Taken together, these considerations reinforce the need for incremental and scalable reform rather than immediate wholesale integration.

A continuum emerges across international approaches. Elective models maximize flexibility but risk uneven competency distribution. Fellowship pathways cultivate advanced expertise but do not ensure universal literacy. Embedded models promote equity and standardization but require substantial structural investment.

For the United Kingdom, this continuum highlights a central policy tension: balancing depth of expertise with equitable baseline literacy under constrained resources. If AI training remains elective, disparities in confidence and engagement, including gender-based differences reported in European cohorts, may widen [37]. Conversely, universal embedding without adequate faculty preparation risks superficial implementation.

Ethical governance further complicates integration.

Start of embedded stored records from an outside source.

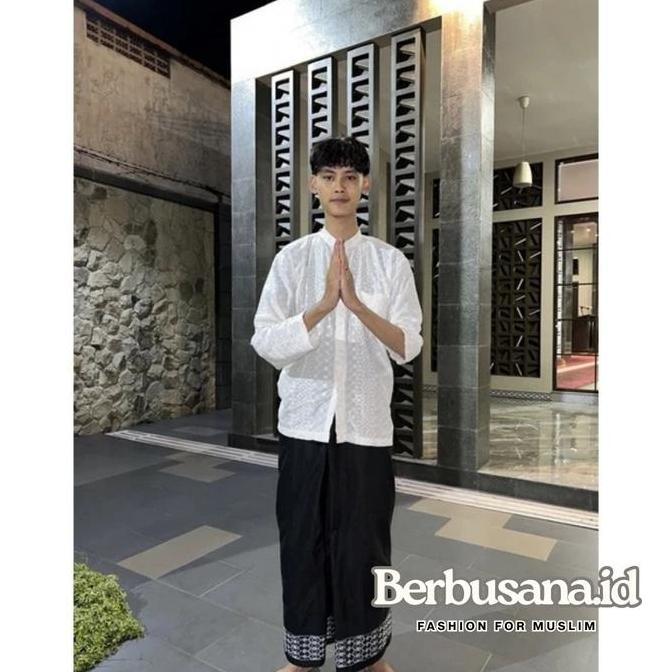 BEST SELLER TERLARIS NO.1 SARUNG TENUN HITAM POLOS MOTIF DEWASA TEBAL MUSLIM NYAMAN SANTRI MEWAH KAI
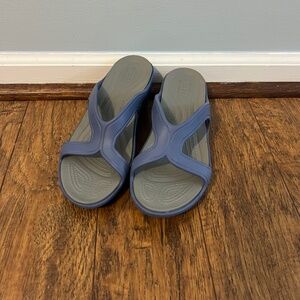 Crocs Women’s Blue Sanrah Dual Comfort Wedge Sandals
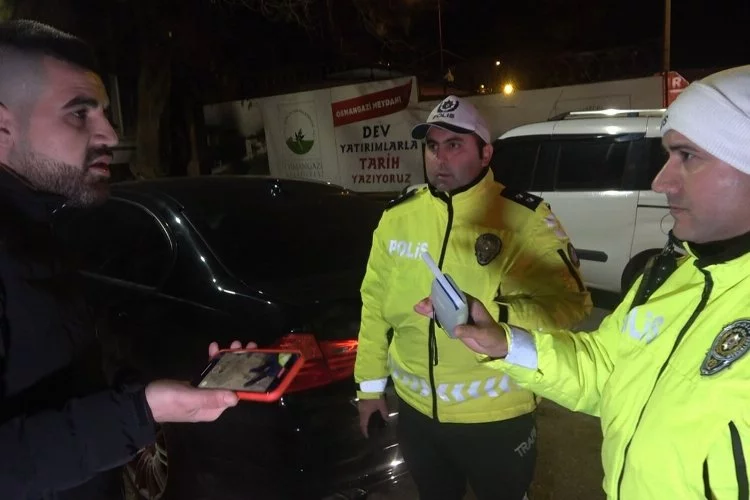Bursa'da uygulamadan kaçan sürücü şaşırttı: Polisi arayacağım!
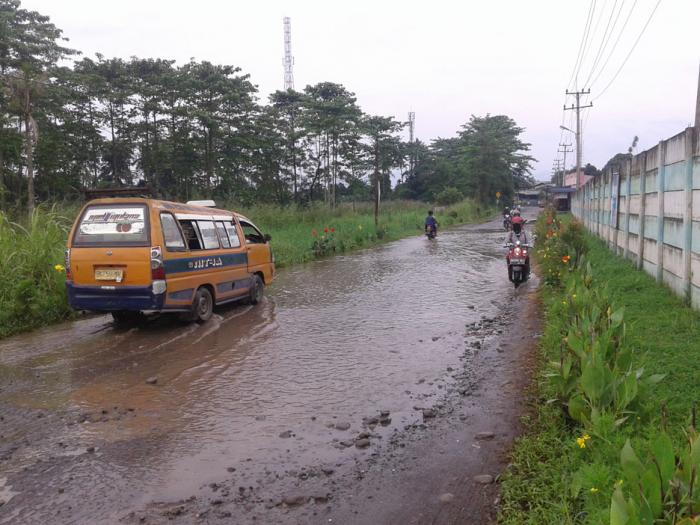 Musim Hujan, Kendaraan Berenang di Jalan Besar Namorambe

Institutions must establish clear policies distinguishing legitimate AI-assisted learning from academic misconduct as generative tools become increasingly accessible [38]. Without explicit guidance, ambiguity may undermine professional standards and public trust. Therefore, embedding ethical reasoning and responsible AI use within curricula is not optional but foundational.

The NHS HEE AI Lab provides a relevant example of centrally coordinated workforce development in digital health. Its model demonstrates how national infrastructure can support scalable AI literacy and structured training pathways across the health care system [18]. However, translating such initiatives into undergraduate medical curricula would require careful adaptation, sustainable funding mechanisms, and explicit alignment with the GMC competency framework.

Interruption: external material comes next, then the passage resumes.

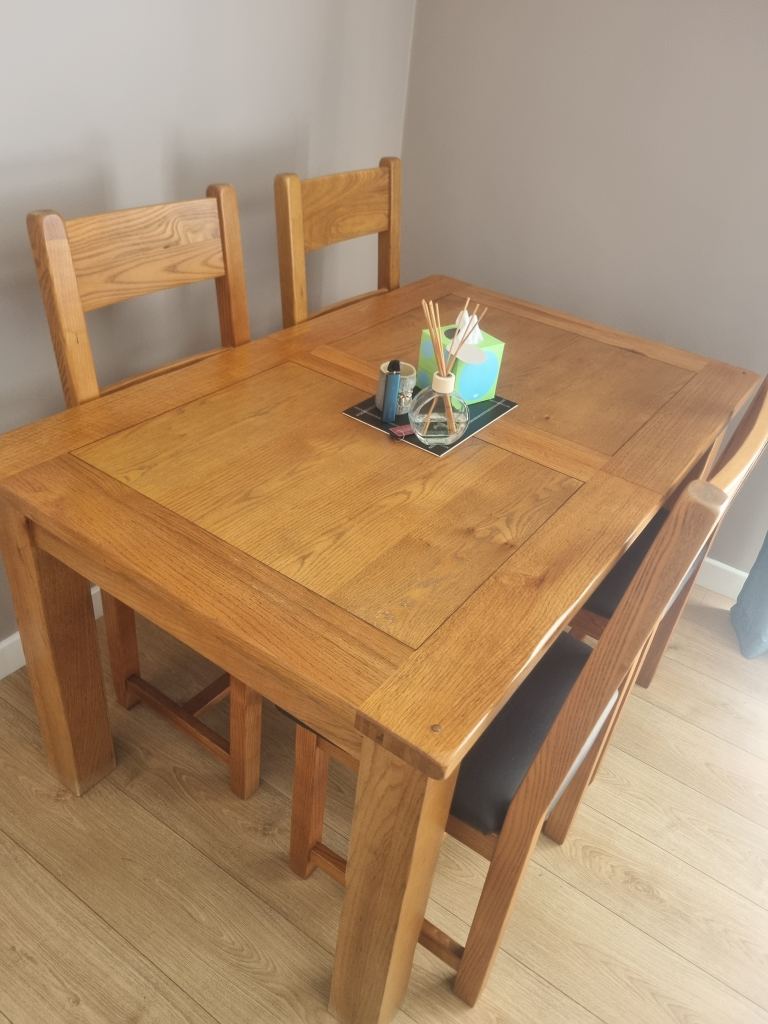 Oak Wood Dining Table and 6 Chairs – Good Condition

Regulatory expectations further reinforce the urgency of curricular reform. The Good Medical Practice update from the GMC emphasizes that physicians should remain professionally accountable for all clinical decisions, including those informed by AI systems [39]. This position is reflected in professional attitudes: a 2024 survey conducted by the Alan Turing Institute supported by the GMC found that, although many physicians report using AI tools, 99% (814/822) would prioritize their own clinical judgment over an AI recommendation in cases of conflict [40].

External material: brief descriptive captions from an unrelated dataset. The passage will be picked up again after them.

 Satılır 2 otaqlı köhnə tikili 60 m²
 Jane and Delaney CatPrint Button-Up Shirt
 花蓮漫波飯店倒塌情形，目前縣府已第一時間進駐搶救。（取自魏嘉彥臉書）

Despite growing enthusiasm for AI integration, several gaps remain insufficiently addressed in the existing literature. First, few studies examine long-term sustainability or cost-effectiveness beyond initial implementation. Second, there is limited evaluation of competency outcomes, particularly whether exposure translates into measurable clinical decision-making proficiency. Third, the regulatory implications of AI competency standards in nationally governed systems remain underexplored. Finally, most initiatives focus on technologically advanced institutions, leaving questions about equity of access across diverse educational settings. These unresolved issues are particularly salient in the UK context and underscore the need for a coordinated, evaluative, and economically conscious integration strategy.

AI is no longer a speculative addition to health care but an operational reality shaping diagnosis, decision-making, and system design. However, UK medical education has not evolved at a comparable pace. This viewpoint paper demonstrates that, while international institutions have piloted diverse models of AI integration, sustainable reform within the United Kingdom requires a regulatory-aligned, economically conscious, and evaluative approach. Developing AI literacy must extend beyond technical familiarity to encompass ethical reasoning, critical appraisal, and professional accountability in AI-supported clinical environments. A phased, competency-mapped framework grounded in GMC standards, supported by faculty development, and reinforced through measurable outcome indicators offers a pragmatic pathway forward. Without structured integration, disparities in preparedness may widen, and graduates risk entering practice underequipped for an AI-enabled NHS. Therefore, proactive, coordinated curriculum reform is not simply an educational innovation but a professional imperative to safeguard patient care, uphold public trust, and ensure that future physicians remain critically engaged leaders in an increasingly intelligent health care system.